What you will do
Leave the pictures out and print, word for word, the lines below from the one with "2015 Ram 1500 - Thumbnail 4" through the final line.

Source data:
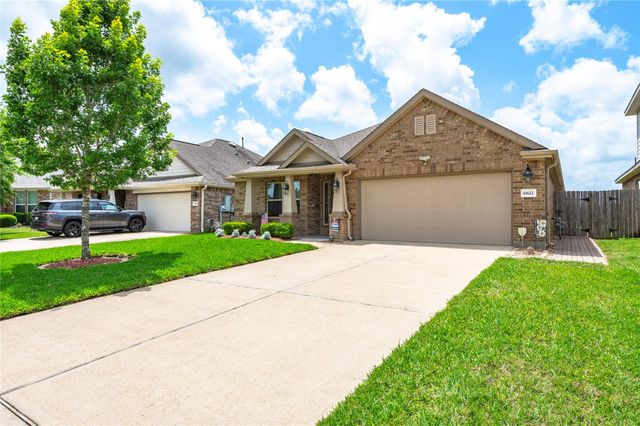 6822 Persea Ridge Lane, Dickinson, TX 77539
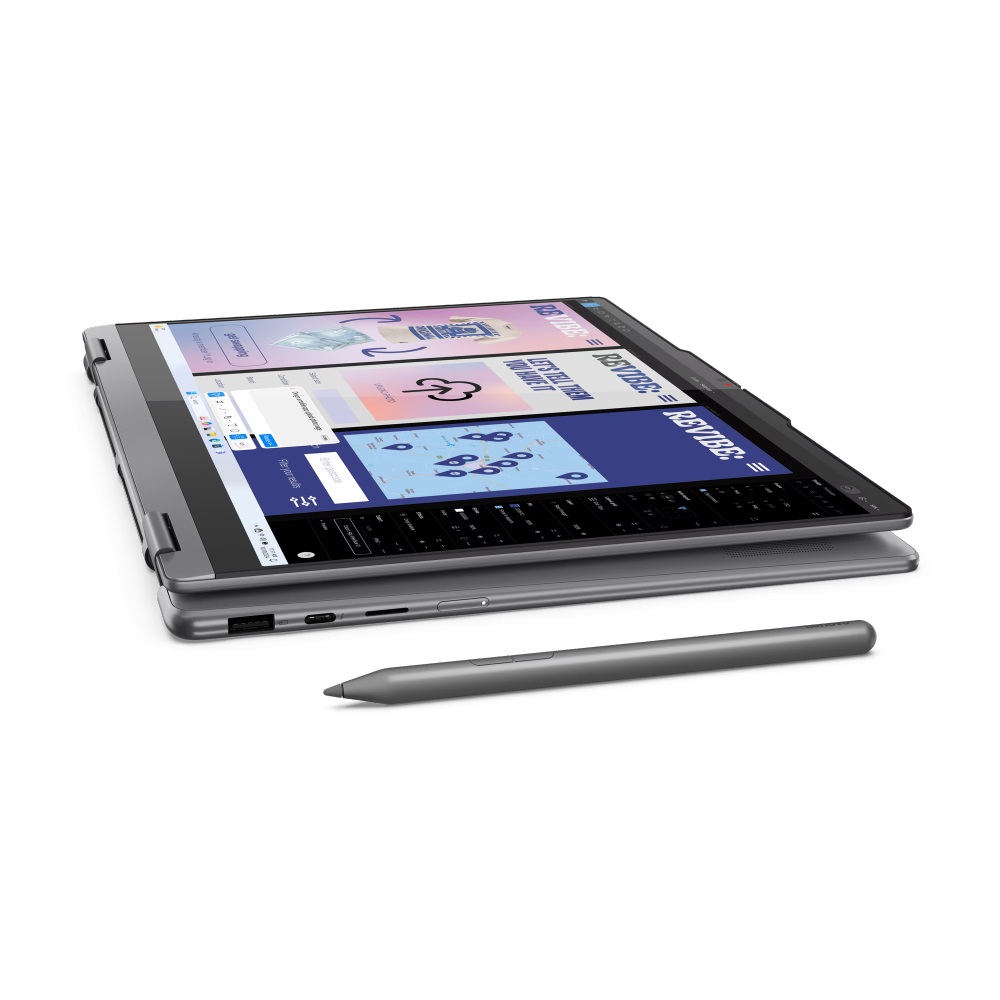 레노버 요가 7 2in1 14ILL10 83JQ001FKR (리퍼비시)_이미지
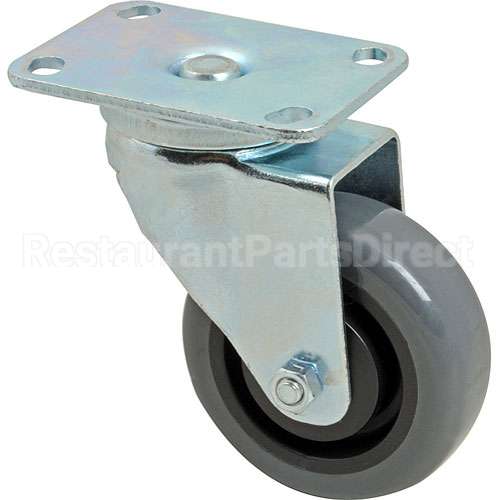 GL4519839 Compatible Garland Garland Caster W/O Brake Old #2628901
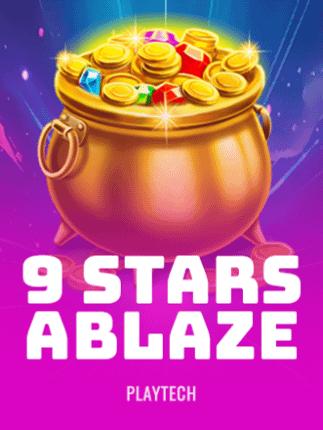 9 Stars Ablaze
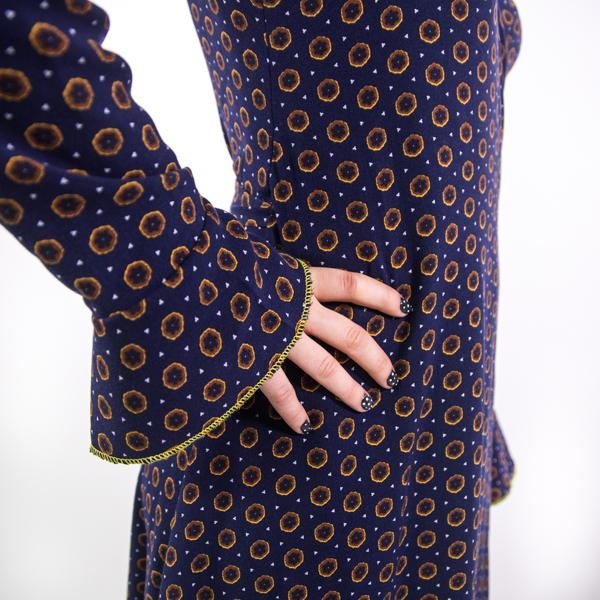Ivy Maxi Dress
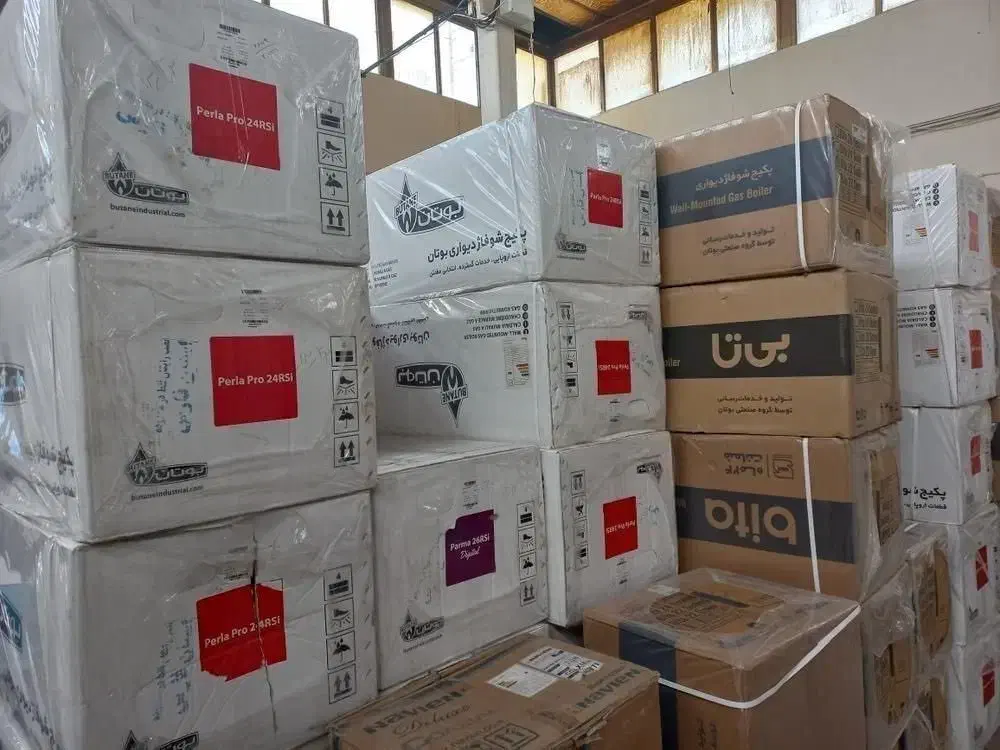 فروش قسطی آبگرمکن/پکیج/رادیاتور  (نمایندگی براتی)|آبگرمکن، پکیج، شوفاژ|بیرجند, |دیوار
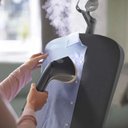 Ver mais imagens de Passadeira a Vapor Vertical Steamer Essence Philips Walita | 127v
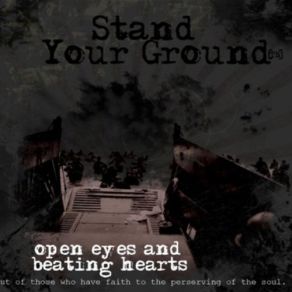 Download track Having Done All, To Stand Stand Your Ground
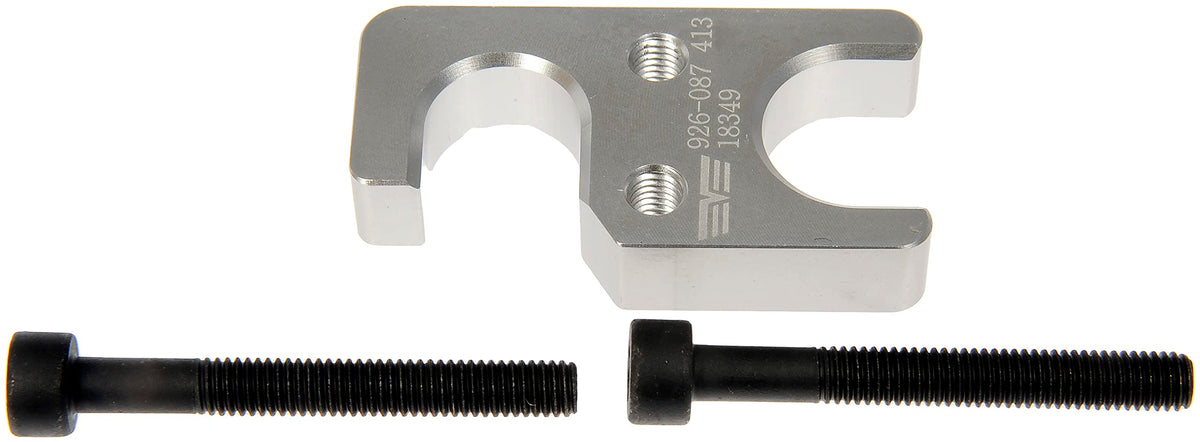 Dorman 926-087 Rear AC Line Expansion Valve Mounting Plate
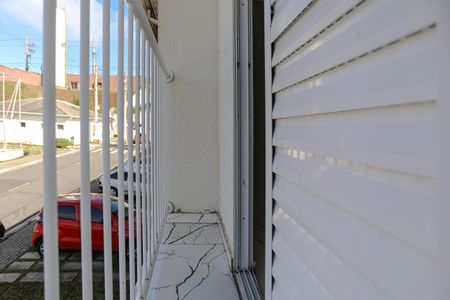 Casa de condomínio para alugar com 57m², 2 quartos e 2 vagas Casa de condomínio para alugar com 57m², 2 quartos e 2 vagasSacada - Quarto 1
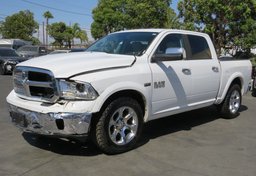 2015 Ram 1500 - Thumbnail 4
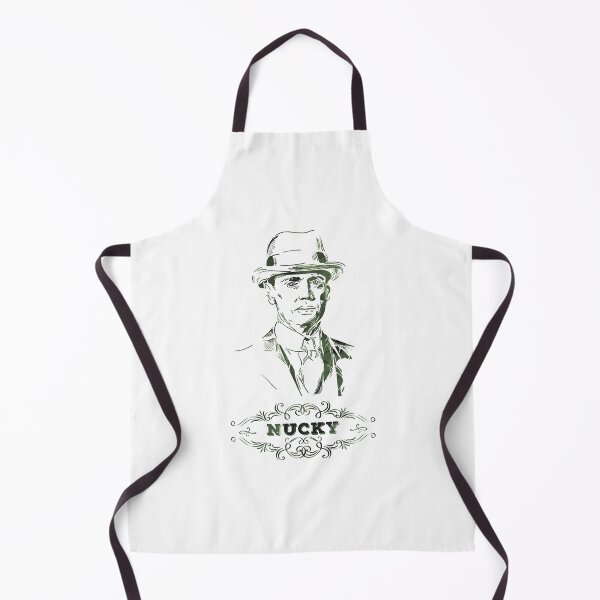 Item preview, Vintage Photograp Nucky thompson Christmas designed and sold by IdellLakin.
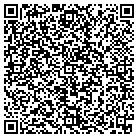 QR code with Three Angels Dental Lab contacts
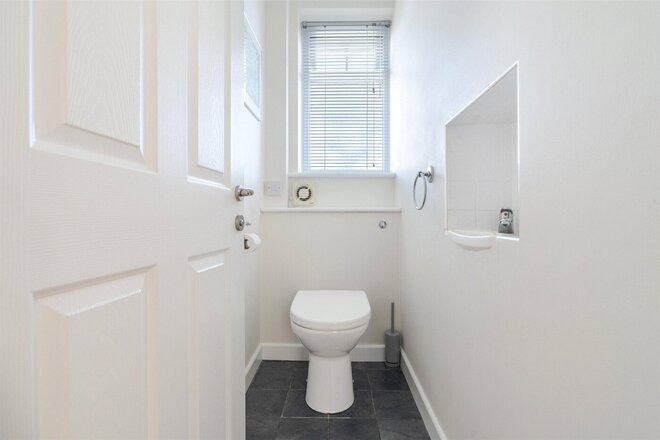 Furzehill, Dorset, BH21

Result below
 2015 Ram 1500 - Thumbnail 4
 Item preview, Vintage Photograp Nucky thompson Christmas designed and sold by IdellLakin.
 QR code with Three Angels Dental Lab contacts
 Furzehill, Dorset, BH21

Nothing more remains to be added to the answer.